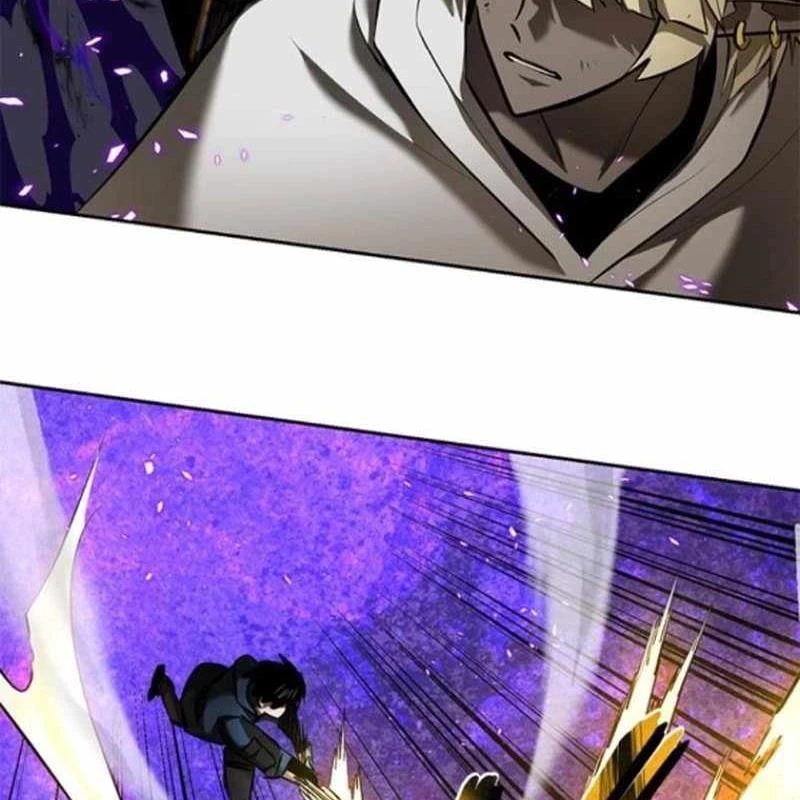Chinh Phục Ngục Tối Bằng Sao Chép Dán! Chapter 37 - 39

━━━━━━

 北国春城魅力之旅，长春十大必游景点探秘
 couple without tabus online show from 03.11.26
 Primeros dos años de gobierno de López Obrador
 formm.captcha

━━━━━━

# WHAT YOU WILL DO
Could you restate word for word the lines above, from the one that contains "北国春城魅力之旅，长春十大必游景点探秘" through the one that contains "formm.captcha", and no others?

# ANSWER SPACE
 北国春城魅力之旅，长春十大必游景点探秘
 couple without tabus online show from 03.11.26
 Primeros dos años de gobierno de López Obrador
 formm.captcha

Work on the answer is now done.